Você pode não entender de questões ambientais, mas, com certeza, faz parte de pelo menos um dos grupos de ecologistas descritos a seguir.

Inspirado por artigo do especialista Stewart Brand, no ''New York Times'' de 14 de dezembro, e com base em observações pessoais, a fauna de debatedores da questão ambiental se divide em quatro categorias básicas: econegativistas, ecocéticos, ecoalertadores e ecoalarmistas. Não se pode esquecer de um quinto grupo, provavelmente mais numeroso, o dos ecoindiferentes. Confira.

- Econegativistas - São aqueles que acreditam em que as emanações de dióxido de carbono (CO2) não apresentam nenhum grande risco. Sustentam que, desde que o mundo é mundo, fontes de gases venenosos, catástrofes e mudanças climáticas aconteceram naturalmente e, no entanto, o Planeta sempre se recuperou dos golpes. Estão aí os vulcões, os desertos, os mares mortos e tantos fenômenos que produzem mais calor, mais devastação e mais gases deletérios do que a obra do homem. Mais cedo ou mais tarde, dizem eles, virá uma nova era glacial e todos rirão da histeria provocada pelos profissionais da ecologia, que vivem da propensão dos desinformados a esperar sempre pelo fim do mundo. Esses profissionais semeiam o pânico com afirmações destituídas de qualquer fundamento científico. Entre os econegativistas se destacam o senador republicano James Inhofe, de Oklahoma, e o colunista George Will, do Washington Post.

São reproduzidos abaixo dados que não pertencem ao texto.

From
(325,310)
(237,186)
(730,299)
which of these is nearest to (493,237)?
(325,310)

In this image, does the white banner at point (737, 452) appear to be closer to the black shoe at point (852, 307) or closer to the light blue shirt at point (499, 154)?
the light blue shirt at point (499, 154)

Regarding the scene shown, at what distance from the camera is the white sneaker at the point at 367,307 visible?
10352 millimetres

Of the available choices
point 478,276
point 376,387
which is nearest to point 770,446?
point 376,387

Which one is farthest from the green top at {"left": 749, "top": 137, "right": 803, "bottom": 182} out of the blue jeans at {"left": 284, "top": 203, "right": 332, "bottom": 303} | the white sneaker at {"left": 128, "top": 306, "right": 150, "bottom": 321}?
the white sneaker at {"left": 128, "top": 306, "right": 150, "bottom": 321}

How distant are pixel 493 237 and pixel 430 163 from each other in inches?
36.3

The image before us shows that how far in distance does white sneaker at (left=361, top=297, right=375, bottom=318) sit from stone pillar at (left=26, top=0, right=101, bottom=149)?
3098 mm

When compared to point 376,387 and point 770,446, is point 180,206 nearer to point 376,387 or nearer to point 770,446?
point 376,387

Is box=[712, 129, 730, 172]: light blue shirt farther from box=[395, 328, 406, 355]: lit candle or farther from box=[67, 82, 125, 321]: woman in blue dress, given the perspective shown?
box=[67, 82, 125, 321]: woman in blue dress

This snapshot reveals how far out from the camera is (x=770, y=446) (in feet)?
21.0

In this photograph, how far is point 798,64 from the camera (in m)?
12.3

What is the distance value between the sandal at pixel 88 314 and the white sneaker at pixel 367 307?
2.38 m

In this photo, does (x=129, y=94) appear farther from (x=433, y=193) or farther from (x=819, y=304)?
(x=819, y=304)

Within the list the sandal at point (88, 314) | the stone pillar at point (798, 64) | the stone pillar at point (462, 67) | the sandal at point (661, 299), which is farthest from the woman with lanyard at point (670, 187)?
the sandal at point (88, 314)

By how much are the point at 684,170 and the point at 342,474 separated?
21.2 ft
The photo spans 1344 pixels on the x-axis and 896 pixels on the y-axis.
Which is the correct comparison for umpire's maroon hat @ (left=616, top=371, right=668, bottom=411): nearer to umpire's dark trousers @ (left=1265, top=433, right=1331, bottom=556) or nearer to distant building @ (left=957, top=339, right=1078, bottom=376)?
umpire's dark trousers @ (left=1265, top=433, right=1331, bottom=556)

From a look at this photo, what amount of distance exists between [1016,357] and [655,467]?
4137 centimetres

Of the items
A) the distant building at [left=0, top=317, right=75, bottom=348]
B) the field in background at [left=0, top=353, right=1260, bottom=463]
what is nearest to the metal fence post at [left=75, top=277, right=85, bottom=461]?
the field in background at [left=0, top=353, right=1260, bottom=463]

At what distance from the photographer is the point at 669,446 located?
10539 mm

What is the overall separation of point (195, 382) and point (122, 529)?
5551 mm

- Ecocéticos - Estão sempre encontrando inconsistências e contradições nas explanações de ecologistas de todas as tendências e lamentam a falta de consenso entre os cientistas. E, no entanto, eles próprios não tomam posição. Por isso, são confundidos com os econegativistas. Entre estes incrédulos está o físico da Universidade Princeton (professor já aposentado) Freeman Dyson. Ele afirma categoricamente que não acredita nas conclusões tiradas a partir de modelos rodados em computador.

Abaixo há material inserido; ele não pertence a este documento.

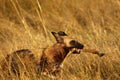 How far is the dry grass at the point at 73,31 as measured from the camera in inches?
164

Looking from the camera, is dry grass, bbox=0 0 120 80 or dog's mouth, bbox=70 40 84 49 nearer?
dog's mouth, bbox=70 40 84 49

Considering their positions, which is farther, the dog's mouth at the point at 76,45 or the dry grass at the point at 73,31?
the dry grass at the point at 73,31

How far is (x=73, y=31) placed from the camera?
5328 millimetres

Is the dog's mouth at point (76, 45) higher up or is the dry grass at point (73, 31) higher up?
the dog's mouth at point (76, 45)

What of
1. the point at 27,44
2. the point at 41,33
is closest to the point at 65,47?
the point at 27,44

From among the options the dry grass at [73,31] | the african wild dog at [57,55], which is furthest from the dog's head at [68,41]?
the dry grass at [73,31]

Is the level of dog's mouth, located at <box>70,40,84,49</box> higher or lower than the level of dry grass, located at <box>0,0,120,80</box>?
higher

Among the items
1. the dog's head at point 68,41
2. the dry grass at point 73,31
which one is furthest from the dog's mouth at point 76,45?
the dry grass at point 73,31

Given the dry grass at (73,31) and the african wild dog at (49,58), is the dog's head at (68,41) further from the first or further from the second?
the dry grass at (73,31)

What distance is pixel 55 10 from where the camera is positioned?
704 cm

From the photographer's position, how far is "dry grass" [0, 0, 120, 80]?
416 cm

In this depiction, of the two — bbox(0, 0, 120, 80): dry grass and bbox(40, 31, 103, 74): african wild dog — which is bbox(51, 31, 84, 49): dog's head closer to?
bbox(40, 31, 103, 74): african wild dog

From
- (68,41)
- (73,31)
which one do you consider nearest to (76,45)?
(68,41)

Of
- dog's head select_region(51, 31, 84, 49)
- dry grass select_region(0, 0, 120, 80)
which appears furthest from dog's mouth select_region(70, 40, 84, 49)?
dry grass select_region(0, 0, 120, 80) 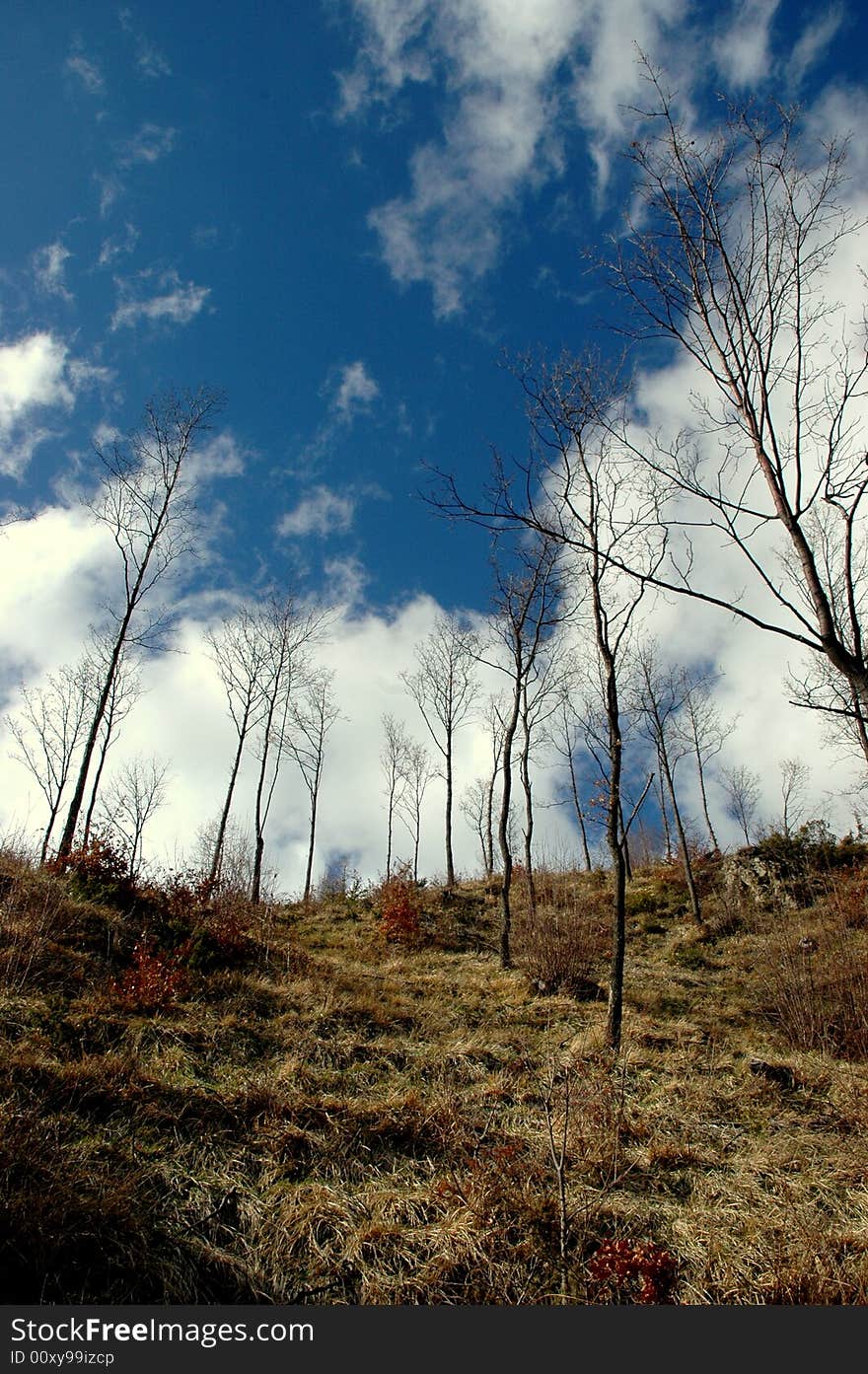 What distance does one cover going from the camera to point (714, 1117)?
6.56 meters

- Ecoalertadores - Formam o grupo daqueles que acreditam em que o aquecimento global é produzido pelo ser humano e que essa situação tem de ser rapidamente revertida. Seus líderes são os cientistas James Hansen (da Universidade Columbia), Stephen Schneider (da Universidade Stanford) e James Lovelock (professor visitante honorário da Universidade Oxford). O ponto de vista deste grupo pode ser pinçado de um trabalho seminal de Hansen: ''Se a humanidade quiser manter o Planeta em condições similares às que se encontrava quando a civilização se desenvolveu, então é preciso reduzir a concentração de CO2 na atmosfera de 395 partes por milhão para no mínimo 350.''

- Ecoalarmistas - São os profetas das calamidades de todo o tipo, sempre iminentes. ''Furacões, tempestades de raios e tornados não são obras de Deus, mas do homem. É o fim da natureza'', garante um dos líderes do grupo, o escritor e ambientalista americano Bill McKibben.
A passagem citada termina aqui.